== RECORDS TO USE

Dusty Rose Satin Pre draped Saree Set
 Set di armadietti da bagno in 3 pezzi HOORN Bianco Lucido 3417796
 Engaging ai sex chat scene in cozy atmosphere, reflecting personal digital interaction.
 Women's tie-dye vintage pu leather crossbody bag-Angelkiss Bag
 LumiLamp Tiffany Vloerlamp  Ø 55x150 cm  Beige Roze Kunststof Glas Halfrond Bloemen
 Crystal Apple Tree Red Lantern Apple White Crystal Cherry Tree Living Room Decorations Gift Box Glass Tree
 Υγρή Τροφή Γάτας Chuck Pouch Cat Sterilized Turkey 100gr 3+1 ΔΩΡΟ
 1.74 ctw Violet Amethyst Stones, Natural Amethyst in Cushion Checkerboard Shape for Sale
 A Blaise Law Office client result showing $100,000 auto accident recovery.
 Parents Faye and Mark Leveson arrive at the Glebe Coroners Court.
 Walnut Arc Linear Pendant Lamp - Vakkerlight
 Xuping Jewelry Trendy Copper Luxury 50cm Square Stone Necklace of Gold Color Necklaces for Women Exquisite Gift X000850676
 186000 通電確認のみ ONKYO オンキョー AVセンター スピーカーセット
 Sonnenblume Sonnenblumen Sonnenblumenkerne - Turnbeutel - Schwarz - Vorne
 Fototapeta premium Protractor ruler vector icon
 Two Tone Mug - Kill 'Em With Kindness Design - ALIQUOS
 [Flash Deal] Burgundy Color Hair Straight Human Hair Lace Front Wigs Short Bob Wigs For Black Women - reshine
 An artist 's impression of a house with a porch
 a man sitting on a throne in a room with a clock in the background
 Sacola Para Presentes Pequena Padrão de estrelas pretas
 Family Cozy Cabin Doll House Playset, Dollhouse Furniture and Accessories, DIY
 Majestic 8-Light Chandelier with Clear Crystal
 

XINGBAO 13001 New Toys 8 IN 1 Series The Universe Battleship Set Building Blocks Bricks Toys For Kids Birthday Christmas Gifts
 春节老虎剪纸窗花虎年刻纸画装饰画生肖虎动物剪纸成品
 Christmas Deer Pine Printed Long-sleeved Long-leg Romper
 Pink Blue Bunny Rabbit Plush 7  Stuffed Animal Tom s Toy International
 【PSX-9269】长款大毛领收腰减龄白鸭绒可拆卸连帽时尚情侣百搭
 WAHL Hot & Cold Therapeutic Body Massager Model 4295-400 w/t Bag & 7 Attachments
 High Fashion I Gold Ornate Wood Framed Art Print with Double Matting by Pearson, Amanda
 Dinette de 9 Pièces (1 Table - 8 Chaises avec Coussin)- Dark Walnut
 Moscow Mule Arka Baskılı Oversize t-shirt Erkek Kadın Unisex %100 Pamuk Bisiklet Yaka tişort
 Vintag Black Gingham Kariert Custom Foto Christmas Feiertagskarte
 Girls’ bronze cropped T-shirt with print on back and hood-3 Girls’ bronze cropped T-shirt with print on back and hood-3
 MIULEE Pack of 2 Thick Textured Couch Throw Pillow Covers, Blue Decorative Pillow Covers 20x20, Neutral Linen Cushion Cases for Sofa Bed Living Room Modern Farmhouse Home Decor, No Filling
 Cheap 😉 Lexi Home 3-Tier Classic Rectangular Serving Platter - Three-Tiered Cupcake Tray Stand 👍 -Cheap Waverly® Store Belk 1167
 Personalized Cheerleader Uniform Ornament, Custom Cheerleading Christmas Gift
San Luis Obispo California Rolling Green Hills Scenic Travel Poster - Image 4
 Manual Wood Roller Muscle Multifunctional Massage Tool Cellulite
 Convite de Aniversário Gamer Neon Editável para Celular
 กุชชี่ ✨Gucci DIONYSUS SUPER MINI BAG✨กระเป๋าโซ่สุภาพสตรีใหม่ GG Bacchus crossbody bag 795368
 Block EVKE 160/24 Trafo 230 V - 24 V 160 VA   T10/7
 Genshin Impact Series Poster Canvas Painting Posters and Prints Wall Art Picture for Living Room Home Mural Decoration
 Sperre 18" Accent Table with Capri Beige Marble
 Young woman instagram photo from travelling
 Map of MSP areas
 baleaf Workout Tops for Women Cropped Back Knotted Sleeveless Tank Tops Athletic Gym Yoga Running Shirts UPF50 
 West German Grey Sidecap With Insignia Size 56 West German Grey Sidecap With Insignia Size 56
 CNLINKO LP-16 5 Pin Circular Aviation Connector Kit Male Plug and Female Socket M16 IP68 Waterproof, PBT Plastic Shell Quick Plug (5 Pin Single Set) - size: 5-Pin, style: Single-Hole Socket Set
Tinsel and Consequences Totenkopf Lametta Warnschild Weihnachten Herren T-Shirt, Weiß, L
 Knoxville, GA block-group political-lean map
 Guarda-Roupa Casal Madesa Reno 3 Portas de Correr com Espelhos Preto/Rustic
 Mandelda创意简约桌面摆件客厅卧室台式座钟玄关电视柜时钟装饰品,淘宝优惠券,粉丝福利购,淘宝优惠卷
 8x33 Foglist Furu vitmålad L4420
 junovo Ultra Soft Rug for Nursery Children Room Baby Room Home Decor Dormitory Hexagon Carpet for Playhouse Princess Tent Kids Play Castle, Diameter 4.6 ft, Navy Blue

====

* TASK DESCRIPTION
Return each entry exactly. Leave none out.

* SOLVED PROBLEM
Dusty Rose Satin Pre draped Saree Set
 Set di armadietti da bagno in 3 pezzi HOORN Bianco Lucido 3417796
 Engaging ai sex chat scene in cozy atmosphere, reflecting personal digital interaction.
 Women's tie-dye vintage pu leather crossbody bag-Angelkiss Bag
 LumiLamp Tiffany Vloerlamp  Ø 55x150 cm  Beige Roze Kunststof Glas Halfrond Bloemen
 Crystal Apple Tree Red Lantern Apple White Crystal Cherry Tree Living Room Decorations Gift Box Glass Tree
 Υγρή Τροφή Γάτας Chuck Pouch Cat Sterilized Turkey 100gr 3+1 ΔΩΡΟ
 1.74 ctw Violet Amethyst Stones, Natural Amethyst in Cushion Checkerboard Shape for Sale
 A Blaise Law Office client result showing $100,000 auto accident recovery.
 Parents Faye and Mark Leveson arrive at the Glebe Coroners Court.
 Walnut Arc Linear Pendant Lamp - Vakkerlight
 Xuping Jewelry Trendy Copper Luxury 50cm Square Stone Necklace of Gold Color Necklaces for Women Exquisite Gift X000850676
 186000 通電確認のみ ONKYO オンキョー AVセンター スピーカーセット
 Sonnenblume Sonnenblumen Sonnenblumenkerne - Turnbeutel - Schwarz - Vorne
 Fototapeta premium Protractor ruler vector icon
 Two Tone Mug - Kill 'Em With Kindness Design - ALIQUOS
 [Flash Deal] Burgundy Color Hair Straight Human Hair Lace Front Wigs Short Bob Wigs For Black Women - reshine
 An artist 's impression of a house with a porch
 a man sitting on a throne in a room with a clock in the background
 Sacola Para Presentes Pequena Padrão de estrelas pretas
 Family Cozy Cabin Doll House Playset, Dollhouse Furniture and Accessories, DIY
 Majestic 8-Light Chandelier with Clear Crystal
 

XINGBAO 13001 New Toys 8 IN 1 Series The Universe Battleship Set Building Blocks Bricks Toys For Kids Birthday Christmas Gifts
 春节老虎剪纸窗花虎年刻纸画装饰画生肖虎动物剪纸成品
 Christmas Deer Pine Printed Long-sleeved Long-leg Romper
 Pink Blue Bunny Rabbit Plush 7  Stuffed Animal Tom s Toy International
 【PSX-9269】长款大毛领收腰减龄白鸭绒可拆卸连帽时尚情侣百搭
 WAHL Hot & Cold Therapeutic Body Massager Model 4295-400 w/t Bag & 7 Attachments
 High Fashion I Gold Ornate Wood Framed Art Print with Double Matting by Pearson, Amanda
 Dinette de 9 Pièces (1 Table - 8 Chaises avec Coussin)- Dark Walnut
 Moscow Mule Arka Baskılı Oversize t-shirt Erkek Kadın Unisex %100 Pamuk Bisiklet Yaka tişort
 Vintag Black Gingham Kariert Custom Foto Christmas Feiertagskarte
 Girls’ bronze cropped T-shirt with print on back and hood-3 Girls’ bronze cropped T-shirt with print on back and hood-3
 MIULEE Pack of 2 Thick Textured Couch Throw Pillow Covers, Blue Decorative Pillow Covers 20x20, Neutral Linen Cushion Cases for Sofa Bed Living Room Modern Farmhouse Home Decor, No Filling
 Cheap 😉 Lexi Home 3-Tier Classic Rectangular Serving Platter - Three-Tiered Cupcake Tray Stand 👍 -Cheap Waverly® Store Belk 1167
 Personalized Cheerleader Uniform Ornament, Custom Cheerleading Christmas Gift
San Luis Obispo California Rolling Green Hills Scenic Travel Poster - Image 4
 Manual Wood Roller Muscle Multifunctional Massage Tool Cellulite
 Convite de Aniversário Gamer Neon Editável para Celular
 กุชชี่ ✨Gucci DIONYSUS SUPER MINI BAG✨กระเป๋าโซ่สุภาพสตรีใหม่ GG Bacchus crossbody bag 795368
 Block EVKE 160/24 Trafo 230 V - 24 V 160 VA   T10/7
 Genshin Impact Series Poster Canvas Painting Posters and Prints Wall Art Picture for Living Room Home Mural Decoration
 Sperre 18" Accent Table with Capri Beige Marble
 Young woman instagram photo from travelling
 Map of MSP areas
 baleaf Workout Tops for Women Cropped Back Knotted Sleeveless Tank Tops Athletic Gym Yoga Running Shirts UPF50 
 West German Grey Sidecap With Insignia Size 56 West German Grey Sidecap With Insignia Size 56
 CNLINKO LP-16 5 Pin Circular Aviation Connector Kit Male Plug and Female Socket M16 IP68 Waterproof, PBT Plastic Shell Quick Plug (5 Pin Single Set) - size: 5-Pin, style: Single-Hole Socket Set
Tinsel and Consequences Totenkopf Lametta Warnschild Weihnachten Herren T-Shirt, Weiß, L
 Knoxville, GA block-group political-lean map
 Guarda-Roupa Casal Madesa Reno 3 Portas de Correr com Espelhos Preto/Rustic
 Mandelda创意简约桌面摆件客厅卧室台式座钟玄关电视柜时钟装饰品,淘宝优惠券,粉丝福利购,淘宝优惠卷
 8x33 Foglist Furu vitmålad L4420
 junovo Ultra Soft Rug for Nursery Children Room Baby Room Home Decor Dormitory Hexagon Carpet for Playhouse Princess Tent Kids Play Castle, Diameter 4.6 ft, Navy Blue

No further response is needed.